━━ Working data
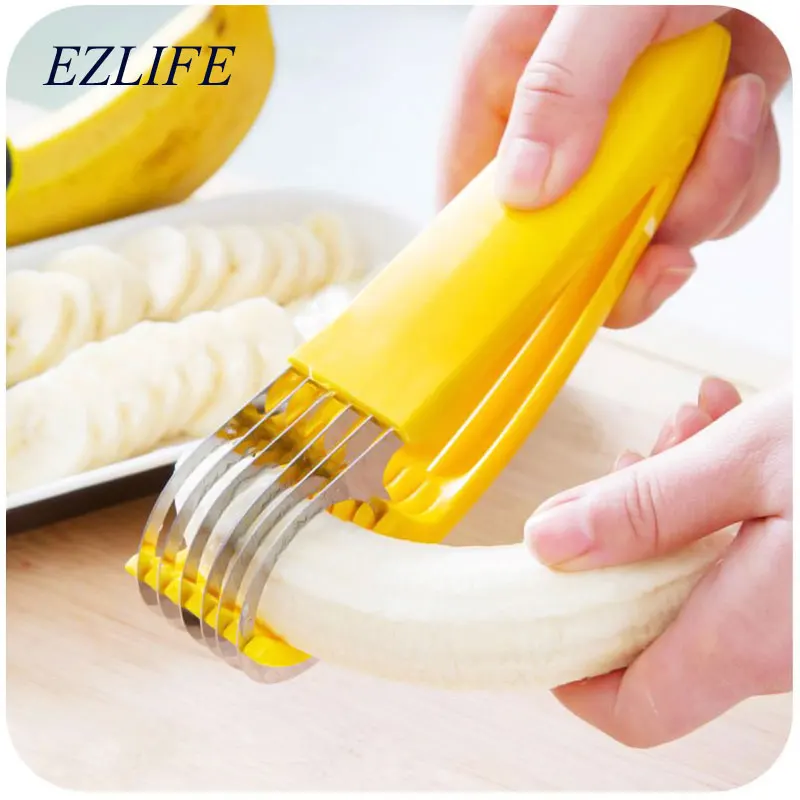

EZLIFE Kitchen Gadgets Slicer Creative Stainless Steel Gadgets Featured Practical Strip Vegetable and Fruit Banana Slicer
━━━━
━━ Working data
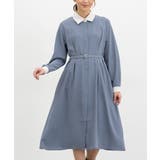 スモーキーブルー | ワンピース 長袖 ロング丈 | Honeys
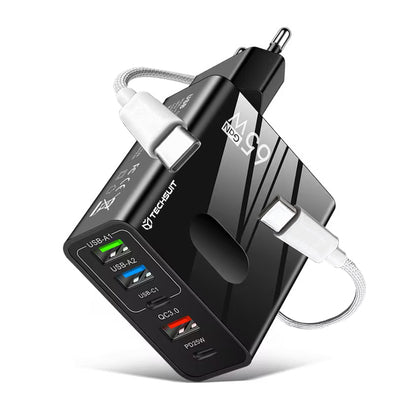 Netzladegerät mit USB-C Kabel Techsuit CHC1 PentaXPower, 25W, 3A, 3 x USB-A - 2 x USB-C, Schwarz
━━━━
━━ Working data
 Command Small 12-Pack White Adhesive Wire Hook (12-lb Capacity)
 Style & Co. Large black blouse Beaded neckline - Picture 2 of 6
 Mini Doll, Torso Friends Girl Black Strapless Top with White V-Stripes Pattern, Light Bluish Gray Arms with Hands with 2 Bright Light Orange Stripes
━━━━
» Task prompt: Check the records above and copy each line that has the string "White".

» Solution for this exercise:
 Command Small 12-Pack White Adhesive Wire Hook (12-lb Capacity)
 Mini Doll, Torso Friends Girl Black Strapless Top with White V-Stripes Pattern, Light Bluish Gray Arms with Hands with 2 Bright Light Orange Stripes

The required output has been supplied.